Output only the lines below that start at the line containing "最新教師十不準(zhǔn)，與自然美景的心靈對話之旅" and end at the line containing "Happy-హ్యాపీ Telugu Movie", with both ends kept.

[EXERCISE MATERIAL]

▽

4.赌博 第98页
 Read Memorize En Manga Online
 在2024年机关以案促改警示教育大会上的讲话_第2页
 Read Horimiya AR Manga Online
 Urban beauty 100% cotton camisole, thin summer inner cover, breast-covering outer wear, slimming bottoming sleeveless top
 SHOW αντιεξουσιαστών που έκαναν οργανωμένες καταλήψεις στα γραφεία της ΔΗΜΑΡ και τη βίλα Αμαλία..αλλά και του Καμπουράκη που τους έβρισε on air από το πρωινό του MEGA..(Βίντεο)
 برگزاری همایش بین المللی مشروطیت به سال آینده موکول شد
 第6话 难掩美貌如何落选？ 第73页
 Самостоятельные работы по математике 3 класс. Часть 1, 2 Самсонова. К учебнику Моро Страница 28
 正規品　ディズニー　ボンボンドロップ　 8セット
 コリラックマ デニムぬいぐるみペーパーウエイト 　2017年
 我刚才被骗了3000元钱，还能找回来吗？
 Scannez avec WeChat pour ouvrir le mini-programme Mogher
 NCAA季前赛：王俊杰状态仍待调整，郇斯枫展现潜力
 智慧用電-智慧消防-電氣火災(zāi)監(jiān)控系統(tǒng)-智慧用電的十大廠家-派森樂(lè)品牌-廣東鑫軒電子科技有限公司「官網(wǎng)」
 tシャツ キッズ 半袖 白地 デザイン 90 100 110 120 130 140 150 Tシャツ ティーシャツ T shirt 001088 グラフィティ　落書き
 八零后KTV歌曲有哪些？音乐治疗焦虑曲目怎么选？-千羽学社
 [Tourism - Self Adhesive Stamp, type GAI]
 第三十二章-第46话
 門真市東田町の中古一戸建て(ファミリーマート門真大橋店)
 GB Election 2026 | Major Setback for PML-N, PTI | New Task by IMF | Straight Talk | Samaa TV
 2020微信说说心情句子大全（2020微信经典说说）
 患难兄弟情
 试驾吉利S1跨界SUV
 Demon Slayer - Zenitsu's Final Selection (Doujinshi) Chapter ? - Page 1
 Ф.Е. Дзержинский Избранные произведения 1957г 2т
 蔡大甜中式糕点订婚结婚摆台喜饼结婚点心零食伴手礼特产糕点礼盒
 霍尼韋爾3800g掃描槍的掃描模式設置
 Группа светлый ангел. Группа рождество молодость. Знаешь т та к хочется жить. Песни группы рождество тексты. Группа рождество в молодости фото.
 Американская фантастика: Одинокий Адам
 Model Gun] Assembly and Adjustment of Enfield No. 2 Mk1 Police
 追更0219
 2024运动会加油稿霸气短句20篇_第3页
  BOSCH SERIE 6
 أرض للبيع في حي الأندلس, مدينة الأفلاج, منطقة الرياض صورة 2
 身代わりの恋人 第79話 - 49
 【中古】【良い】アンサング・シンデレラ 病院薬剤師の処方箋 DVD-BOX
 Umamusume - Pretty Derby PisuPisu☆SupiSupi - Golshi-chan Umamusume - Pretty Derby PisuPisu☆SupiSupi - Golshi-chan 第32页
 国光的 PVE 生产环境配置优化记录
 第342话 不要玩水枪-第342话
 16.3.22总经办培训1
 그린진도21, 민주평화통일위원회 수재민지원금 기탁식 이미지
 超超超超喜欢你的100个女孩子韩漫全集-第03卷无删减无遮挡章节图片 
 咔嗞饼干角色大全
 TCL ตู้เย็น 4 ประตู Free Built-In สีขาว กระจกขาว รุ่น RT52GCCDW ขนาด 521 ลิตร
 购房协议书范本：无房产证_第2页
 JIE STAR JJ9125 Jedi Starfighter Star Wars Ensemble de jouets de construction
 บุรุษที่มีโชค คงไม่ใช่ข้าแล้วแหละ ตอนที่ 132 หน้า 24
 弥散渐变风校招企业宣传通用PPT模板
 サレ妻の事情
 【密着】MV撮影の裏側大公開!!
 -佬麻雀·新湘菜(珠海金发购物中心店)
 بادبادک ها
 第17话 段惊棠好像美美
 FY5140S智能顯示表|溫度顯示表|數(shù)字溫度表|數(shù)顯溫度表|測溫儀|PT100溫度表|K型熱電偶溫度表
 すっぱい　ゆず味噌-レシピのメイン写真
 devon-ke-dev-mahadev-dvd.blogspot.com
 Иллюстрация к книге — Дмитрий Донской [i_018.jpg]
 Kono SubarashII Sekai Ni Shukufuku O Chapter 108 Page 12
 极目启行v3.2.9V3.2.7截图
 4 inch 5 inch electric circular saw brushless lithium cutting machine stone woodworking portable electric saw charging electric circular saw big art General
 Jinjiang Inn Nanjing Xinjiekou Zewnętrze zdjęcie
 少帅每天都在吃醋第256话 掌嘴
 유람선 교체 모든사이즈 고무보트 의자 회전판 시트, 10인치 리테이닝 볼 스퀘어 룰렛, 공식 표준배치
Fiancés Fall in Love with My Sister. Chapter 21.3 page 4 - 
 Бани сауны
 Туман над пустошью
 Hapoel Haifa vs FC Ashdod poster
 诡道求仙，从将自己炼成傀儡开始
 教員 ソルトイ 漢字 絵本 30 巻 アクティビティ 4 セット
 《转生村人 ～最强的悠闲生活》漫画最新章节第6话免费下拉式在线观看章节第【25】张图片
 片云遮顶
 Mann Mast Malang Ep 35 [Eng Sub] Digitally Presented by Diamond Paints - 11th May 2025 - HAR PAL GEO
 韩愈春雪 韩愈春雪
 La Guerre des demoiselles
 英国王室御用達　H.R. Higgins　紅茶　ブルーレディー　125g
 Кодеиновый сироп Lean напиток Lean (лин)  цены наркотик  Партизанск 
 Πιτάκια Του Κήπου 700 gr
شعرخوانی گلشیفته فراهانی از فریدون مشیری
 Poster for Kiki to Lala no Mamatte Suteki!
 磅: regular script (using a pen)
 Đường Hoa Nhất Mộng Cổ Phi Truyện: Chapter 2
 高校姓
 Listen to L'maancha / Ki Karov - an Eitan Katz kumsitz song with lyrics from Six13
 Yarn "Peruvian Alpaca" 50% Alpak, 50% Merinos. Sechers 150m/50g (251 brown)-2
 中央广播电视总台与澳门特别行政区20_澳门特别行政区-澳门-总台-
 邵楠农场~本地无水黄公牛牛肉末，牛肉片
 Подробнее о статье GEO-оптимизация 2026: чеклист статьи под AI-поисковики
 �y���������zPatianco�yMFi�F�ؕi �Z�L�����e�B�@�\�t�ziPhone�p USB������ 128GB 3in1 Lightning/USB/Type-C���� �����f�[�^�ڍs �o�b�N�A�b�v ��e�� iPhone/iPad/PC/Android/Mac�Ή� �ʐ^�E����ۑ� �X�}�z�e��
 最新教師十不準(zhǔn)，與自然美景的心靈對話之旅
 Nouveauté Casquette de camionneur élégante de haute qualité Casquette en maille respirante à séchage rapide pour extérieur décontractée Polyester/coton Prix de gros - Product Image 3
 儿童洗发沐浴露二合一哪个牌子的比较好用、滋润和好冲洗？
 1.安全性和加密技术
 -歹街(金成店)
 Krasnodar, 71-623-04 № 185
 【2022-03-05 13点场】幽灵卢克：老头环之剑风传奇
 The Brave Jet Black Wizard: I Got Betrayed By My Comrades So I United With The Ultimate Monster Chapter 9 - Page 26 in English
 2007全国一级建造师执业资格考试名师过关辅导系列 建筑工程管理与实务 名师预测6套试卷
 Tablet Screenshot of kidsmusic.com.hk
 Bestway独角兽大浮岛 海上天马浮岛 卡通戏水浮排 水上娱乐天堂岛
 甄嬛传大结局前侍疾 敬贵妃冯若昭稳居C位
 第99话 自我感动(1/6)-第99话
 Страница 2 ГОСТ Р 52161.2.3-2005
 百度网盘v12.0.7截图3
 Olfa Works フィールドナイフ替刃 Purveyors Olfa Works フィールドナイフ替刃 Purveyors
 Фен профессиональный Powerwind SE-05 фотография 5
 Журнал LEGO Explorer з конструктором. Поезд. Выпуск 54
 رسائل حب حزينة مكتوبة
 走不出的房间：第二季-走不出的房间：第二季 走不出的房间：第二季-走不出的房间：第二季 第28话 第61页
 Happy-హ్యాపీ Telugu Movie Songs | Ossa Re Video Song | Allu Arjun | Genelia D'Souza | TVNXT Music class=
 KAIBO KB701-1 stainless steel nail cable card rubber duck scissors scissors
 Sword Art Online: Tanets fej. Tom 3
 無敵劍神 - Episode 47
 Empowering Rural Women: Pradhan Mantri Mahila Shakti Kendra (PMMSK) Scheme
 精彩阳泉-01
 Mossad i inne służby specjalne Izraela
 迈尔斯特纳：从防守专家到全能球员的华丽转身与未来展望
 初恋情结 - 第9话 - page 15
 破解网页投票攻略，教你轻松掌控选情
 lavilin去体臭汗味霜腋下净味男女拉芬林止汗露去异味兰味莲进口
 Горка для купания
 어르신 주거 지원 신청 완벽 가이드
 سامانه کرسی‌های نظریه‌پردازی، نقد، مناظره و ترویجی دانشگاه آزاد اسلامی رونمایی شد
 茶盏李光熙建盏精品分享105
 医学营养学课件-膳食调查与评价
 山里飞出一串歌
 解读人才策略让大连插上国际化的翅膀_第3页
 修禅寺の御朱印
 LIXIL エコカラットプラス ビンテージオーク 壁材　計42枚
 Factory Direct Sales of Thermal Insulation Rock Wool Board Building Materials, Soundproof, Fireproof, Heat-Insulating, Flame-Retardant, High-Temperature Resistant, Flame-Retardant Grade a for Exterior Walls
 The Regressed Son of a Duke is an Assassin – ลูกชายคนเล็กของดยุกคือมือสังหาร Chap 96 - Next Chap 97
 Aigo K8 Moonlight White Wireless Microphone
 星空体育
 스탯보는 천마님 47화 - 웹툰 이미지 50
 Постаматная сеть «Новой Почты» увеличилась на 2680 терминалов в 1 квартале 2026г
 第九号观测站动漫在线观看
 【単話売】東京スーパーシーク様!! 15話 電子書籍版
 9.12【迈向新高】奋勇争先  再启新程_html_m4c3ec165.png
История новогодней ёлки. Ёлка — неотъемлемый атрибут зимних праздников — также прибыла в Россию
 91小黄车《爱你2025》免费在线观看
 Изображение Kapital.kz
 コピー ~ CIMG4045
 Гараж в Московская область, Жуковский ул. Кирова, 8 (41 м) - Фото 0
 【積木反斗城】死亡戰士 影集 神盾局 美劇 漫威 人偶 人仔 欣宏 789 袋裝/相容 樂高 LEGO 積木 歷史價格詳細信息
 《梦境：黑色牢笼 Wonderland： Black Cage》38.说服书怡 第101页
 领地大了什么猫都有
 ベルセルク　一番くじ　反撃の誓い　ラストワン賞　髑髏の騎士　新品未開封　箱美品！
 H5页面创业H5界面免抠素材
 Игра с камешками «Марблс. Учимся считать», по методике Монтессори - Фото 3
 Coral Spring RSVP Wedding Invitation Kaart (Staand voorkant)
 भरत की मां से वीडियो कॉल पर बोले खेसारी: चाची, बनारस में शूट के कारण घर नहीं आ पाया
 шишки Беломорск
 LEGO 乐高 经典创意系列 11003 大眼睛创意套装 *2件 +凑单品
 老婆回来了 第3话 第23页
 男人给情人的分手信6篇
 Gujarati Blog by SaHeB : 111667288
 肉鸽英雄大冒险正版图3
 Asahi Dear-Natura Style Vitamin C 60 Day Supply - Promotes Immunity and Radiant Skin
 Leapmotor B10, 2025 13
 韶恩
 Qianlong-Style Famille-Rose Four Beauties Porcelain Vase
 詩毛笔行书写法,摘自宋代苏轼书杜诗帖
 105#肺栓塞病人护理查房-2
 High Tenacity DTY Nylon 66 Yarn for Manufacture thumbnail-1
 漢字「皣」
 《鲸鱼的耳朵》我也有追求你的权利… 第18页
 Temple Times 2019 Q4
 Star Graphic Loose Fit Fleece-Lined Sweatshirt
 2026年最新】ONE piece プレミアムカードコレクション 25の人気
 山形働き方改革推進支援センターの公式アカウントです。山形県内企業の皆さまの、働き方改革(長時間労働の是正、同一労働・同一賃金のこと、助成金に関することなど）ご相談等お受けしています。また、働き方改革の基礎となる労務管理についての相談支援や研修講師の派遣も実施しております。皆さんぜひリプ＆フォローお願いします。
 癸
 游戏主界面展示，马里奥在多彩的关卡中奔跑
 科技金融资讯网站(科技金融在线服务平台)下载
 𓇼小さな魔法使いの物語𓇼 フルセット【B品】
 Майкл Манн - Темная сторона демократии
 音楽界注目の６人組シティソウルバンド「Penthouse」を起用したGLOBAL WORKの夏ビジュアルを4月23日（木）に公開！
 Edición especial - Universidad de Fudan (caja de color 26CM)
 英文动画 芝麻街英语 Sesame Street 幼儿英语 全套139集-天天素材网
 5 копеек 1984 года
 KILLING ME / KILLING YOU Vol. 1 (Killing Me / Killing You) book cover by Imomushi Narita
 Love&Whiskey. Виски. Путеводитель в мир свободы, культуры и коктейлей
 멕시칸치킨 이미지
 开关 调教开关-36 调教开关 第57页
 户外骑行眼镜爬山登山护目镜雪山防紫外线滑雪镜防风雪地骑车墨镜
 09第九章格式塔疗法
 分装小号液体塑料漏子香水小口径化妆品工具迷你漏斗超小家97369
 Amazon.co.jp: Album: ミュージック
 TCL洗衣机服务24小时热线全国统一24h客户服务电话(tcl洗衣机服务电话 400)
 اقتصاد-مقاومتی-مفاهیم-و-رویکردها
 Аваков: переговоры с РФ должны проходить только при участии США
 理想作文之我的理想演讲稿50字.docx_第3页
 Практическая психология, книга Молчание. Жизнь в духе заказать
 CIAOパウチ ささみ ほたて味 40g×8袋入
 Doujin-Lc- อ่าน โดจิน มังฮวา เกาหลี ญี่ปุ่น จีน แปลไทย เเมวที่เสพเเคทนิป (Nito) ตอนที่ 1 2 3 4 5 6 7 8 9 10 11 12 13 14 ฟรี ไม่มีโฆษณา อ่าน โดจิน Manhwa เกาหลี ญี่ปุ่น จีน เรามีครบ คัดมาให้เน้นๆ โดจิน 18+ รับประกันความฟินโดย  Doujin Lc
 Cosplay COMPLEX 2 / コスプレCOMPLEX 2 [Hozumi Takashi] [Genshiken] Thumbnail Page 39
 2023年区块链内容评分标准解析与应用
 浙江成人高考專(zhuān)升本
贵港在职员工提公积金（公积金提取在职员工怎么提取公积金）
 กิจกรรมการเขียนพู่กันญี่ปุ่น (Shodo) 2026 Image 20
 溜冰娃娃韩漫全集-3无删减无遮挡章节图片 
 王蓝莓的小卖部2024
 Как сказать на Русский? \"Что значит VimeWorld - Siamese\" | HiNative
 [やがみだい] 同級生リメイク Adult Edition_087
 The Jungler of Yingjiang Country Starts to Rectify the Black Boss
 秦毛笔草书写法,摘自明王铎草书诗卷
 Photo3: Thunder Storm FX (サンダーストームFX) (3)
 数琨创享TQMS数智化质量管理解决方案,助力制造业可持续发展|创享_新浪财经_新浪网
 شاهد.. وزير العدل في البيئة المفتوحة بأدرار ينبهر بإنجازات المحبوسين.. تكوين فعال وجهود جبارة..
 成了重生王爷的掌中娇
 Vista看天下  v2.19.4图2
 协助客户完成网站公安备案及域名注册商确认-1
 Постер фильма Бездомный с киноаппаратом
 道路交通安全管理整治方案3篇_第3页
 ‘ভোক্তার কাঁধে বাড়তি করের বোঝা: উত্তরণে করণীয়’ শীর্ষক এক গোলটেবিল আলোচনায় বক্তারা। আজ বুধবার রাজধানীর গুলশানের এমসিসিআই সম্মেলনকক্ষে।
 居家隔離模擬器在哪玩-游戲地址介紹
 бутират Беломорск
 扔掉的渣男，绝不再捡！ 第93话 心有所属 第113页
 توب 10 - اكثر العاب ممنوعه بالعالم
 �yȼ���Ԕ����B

△

[PROBLEM SOLUTION]
 最新教師十不準(zhǔn)，與自然美景的心靈對話之旅
 Nouveauté Casquette de camionneur élégante de haute qualité Casquette en maille respirante à séchage rapide pour extérieur décontractée Polyester/coton Prix de gros - Product Image 3
 儿童洗发沐浴露二合一哪个牌子的比较好用、滋润和好冲洗？
 1.安全性和加密技术
 -歹街(金成店)
 Krasnodar, 71-623-04 № 185
 【2022-03-05 13点场】幽灵卢克：老头环之剑风传奇
 The Brave Jet Black Wizard: I Got Betrayed By My Comrades So I United With The Ultimate Monster Chapter 9 - Page 26 in English
 2007全国一级建造师执业资格考试名师过关辅导系列 建筑工程管理与实务 名师预测6套试卷
 Tablet Screenshot of kidsmusic.com.hk
 Bestway独角兽大浮岛 海上天马浮岛 卡通戏水浮排 水上娱乐天堂岛
 甄嬛传大结局前侍疾 敬贵妃冯若昭稳居C位
 第99话 自我感动(1/6)-第99话
 Страница 2 ГОСТ Р 52161.2.3-2005
 百度网盘v12.0.7截图3
 Olfa Works フィールドナイフ替刃 Purveyors Olfa Works フィールドナイフ替刃 Purveyors
 Фен профессиональный Powerwind SE-05 фотография 5
 Журнал LEGO Explorer з конструктором. Поезд. Выпуск 54
 رسائل حب حزينة مكتوبة
 走不出的房间：第二季-走不出的房间：第二季 走不出的房间：第二季-走不出的房间：第二季 第28话 第61页
 Happy-హ్యాపీ Telugu Movie Songs | Ossa Re Video Song | Allu Arjun | Genelia D'Souza | TVNXT Music class=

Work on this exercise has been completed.